Your assignment: From the entries below, gather each line containing the word "people".
+===+
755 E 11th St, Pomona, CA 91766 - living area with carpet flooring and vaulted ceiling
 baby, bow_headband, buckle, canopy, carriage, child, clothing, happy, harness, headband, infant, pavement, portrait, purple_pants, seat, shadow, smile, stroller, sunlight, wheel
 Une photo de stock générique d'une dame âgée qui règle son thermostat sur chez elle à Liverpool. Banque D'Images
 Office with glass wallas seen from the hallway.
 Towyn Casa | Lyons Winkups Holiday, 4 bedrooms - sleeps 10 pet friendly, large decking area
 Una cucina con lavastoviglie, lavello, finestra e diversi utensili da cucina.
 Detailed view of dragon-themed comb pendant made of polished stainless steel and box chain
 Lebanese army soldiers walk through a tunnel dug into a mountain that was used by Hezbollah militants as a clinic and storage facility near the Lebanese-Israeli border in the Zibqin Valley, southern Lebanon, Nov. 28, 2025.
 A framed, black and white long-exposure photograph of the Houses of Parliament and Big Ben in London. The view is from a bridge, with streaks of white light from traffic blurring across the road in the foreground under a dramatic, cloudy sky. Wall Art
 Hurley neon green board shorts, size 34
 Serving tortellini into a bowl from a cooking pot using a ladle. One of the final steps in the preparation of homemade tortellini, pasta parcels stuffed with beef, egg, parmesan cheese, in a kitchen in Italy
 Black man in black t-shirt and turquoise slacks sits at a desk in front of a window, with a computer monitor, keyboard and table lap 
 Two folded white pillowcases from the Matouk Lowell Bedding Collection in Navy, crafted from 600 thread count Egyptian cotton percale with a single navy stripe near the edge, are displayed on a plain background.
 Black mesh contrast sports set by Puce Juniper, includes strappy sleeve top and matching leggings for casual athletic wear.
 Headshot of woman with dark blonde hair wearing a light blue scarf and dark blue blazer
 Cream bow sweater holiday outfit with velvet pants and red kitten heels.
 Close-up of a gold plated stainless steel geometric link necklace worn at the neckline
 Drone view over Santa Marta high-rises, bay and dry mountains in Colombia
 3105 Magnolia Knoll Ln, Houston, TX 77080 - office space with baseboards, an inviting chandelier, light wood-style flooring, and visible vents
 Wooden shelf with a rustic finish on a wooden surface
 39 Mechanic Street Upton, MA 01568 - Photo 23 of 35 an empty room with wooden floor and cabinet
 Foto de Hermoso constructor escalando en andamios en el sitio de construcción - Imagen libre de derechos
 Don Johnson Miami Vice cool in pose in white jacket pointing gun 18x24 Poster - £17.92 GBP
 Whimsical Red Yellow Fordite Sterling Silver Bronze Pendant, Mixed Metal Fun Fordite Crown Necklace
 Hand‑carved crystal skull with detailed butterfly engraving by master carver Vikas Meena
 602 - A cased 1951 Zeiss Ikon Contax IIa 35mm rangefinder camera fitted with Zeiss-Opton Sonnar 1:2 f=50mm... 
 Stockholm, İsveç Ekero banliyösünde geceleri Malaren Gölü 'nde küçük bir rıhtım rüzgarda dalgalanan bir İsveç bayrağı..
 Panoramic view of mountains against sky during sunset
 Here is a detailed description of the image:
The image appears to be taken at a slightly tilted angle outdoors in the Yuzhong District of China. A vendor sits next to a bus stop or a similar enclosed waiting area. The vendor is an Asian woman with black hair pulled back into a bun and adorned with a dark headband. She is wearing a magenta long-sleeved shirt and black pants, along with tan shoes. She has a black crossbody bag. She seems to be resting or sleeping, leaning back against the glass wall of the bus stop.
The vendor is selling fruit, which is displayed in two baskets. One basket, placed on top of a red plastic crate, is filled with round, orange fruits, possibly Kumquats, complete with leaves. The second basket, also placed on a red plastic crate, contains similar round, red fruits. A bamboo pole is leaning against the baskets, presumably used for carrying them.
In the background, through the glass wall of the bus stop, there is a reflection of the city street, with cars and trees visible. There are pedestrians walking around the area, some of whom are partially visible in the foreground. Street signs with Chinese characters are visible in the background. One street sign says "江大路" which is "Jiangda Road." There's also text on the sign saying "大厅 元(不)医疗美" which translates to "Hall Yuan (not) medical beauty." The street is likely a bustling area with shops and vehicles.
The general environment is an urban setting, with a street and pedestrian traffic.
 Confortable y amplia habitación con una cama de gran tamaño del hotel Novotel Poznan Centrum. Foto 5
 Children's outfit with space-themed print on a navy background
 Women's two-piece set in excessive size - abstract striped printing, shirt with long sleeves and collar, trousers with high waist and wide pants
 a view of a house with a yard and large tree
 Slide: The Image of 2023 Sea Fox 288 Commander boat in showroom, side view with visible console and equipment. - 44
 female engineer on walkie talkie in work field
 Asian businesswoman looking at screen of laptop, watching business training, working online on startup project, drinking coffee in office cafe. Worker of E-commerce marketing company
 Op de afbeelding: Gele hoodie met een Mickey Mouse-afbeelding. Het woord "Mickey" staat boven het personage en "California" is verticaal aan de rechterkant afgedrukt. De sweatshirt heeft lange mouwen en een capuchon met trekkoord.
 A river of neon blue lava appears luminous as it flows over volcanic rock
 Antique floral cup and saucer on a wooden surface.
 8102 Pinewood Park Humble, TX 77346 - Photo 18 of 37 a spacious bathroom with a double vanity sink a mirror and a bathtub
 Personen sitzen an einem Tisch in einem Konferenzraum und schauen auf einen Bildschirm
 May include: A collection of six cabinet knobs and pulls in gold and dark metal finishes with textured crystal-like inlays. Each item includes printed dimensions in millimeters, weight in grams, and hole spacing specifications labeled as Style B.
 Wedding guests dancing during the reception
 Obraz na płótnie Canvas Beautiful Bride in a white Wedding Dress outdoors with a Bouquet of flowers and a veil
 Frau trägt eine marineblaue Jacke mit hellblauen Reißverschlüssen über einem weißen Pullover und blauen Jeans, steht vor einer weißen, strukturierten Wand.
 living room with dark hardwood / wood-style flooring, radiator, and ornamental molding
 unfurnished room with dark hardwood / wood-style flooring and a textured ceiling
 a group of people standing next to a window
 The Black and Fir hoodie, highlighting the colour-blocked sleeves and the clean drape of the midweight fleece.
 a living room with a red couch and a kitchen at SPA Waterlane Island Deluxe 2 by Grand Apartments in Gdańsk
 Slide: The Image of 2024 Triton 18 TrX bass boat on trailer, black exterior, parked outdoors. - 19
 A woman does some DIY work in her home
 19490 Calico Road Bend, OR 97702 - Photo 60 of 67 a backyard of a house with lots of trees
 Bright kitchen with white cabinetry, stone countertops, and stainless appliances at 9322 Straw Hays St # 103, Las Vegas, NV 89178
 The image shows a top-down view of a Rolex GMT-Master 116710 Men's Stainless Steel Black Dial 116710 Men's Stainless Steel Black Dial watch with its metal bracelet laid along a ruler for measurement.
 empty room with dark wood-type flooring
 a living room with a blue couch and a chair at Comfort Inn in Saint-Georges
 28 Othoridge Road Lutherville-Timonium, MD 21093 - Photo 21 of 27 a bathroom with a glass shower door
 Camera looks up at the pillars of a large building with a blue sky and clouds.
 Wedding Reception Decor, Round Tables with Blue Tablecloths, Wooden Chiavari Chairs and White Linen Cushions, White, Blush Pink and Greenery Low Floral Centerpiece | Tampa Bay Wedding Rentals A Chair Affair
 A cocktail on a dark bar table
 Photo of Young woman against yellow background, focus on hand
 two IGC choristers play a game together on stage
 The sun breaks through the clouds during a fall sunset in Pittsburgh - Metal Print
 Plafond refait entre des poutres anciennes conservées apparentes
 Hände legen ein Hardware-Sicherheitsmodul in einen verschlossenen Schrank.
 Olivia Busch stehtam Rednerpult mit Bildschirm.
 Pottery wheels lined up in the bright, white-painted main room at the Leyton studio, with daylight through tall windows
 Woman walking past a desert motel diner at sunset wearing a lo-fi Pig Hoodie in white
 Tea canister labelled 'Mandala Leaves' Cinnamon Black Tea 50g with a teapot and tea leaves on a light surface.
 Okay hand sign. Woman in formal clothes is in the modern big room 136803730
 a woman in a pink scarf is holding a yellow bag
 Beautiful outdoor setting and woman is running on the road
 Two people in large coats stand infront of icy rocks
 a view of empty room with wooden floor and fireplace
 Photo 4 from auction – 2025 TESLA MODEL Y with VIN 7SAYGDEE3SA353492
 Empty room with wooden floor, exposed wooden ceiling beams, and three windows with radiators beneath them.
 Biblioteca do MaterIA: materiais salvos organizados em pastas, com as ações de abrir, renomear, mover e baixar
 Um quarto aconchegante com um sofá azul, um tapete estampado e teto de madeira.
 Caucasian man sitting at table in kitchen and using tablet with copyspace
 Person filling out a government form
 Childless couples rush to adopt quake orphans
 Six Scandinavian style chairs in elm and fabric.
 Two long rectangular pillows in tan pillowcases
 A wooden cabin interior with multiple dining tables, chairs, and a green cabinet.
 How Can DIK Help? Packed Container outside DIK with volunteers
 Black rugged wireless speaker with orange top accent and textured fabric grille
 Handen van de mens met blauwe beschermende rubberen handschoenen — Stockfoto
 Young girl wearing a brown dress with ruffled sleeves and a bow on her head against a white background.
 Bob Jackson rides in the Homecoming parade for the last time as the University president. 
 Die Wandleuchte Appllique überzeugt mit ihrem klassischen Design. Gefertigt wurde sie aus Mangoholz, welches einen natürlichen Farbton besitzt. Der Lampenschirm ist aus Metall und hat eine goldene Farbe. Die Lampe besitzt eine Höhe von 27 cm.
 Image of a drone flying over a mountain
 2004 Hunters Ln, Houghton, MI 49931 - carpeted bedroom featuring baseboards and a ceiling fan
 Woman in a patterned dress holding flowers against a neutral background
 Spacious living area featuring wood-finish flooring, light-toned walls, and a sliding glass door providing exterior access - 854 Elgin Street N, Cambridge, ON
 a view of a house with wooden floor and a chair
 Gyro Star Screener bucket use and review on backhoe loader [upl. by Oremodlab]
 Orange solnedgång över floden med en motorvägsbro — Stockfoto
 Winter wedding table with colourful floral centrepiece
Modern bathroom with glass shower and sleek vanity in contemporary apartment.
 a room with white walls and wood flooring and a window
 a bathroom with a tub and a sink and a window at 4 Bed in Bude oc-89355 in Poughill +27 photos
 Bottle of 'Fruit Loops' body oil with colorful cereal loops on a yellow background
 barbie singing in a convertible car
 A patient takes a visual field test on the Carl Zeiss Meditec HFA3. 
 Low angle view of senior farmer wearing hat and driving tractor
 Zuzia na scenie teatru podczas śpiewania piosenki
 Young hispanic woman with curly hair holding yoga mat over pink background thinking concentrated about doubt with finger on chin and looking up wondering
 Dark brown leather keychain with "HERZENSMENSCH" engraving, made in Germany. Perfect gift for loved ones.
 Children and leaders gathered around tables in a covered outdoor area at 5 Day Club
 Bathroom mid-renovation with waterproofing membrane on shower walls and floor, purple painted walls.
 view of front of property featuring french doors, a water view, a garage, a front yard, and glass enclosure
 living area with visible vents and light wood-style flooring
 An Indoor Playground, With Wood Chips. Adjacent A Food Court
+===+
Answer to the exercise:
 a group of people standing next to a window
 Two people in large coats stand infront of icy rocks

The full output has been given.